→ Entries supplied:
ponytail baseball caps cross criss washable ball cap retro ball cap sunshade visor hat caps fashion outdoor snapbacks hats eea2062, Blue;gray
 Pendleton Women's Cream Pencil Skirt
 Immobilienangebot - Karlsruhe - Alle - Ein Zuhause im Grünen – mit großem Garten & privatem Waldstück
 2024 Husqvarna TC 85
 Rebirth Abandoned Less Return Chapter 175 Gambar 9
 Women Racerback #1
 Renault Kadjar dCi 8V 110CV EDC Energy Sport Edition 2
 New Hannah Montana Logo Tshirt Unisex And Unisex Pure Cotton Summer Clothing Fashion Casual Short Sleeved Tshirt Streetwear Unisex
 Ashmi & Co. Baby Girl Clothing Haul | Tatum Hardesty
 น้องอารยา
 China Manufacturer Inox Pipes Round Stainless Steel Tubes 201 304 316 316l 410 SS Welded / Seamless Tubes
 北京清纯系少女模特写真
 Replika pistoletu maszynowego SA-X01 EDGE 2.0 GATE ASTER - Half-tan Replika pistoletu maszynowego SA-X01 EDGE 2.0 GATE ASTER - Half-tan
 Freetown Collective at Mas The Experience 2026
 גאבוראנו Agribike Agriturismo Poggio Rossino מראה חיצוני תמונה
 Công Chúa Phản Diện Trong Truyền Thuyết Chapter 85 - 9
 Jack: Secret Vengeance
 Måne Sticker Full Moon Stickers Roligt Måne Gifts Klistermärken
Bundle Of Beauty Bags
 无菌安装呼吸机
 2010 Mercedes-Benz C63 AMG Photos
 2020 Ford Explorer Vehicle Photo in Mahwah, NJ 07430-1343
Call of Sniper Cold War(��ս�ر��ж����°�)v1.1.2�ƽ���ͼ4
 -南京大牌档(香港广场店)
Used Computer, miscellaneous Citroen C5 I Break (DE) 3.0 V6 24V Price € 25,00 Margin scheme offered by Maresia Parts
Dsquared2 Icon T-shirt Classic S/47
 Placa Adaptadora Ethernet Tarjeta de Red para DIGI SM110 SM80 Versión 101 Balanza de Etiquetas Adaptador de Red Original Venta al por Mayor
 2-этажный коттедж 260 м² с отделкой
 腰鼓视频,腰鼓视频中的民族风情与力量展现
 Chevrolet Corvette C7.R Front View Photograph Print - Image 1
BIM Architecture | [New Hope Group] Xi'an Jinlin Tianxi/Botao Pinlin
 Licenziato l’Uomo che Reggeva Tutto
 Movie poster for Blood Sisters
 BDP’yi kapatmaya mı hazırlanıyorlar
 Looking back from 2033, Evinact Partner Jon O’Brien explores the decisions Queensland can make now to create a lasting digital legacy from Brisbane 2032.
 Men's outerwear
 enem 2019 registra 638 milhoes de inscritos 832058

→ Aim of the exercise: Which lines of the data contain the string "Chapter"? Copy each of them.

→ Final answer:
 Rebirth Abandoned Less Return Chapter 175 Gambar 9
 Công Chúa Phản Diện Trong Truyền Thuyết Chapter 85 - 9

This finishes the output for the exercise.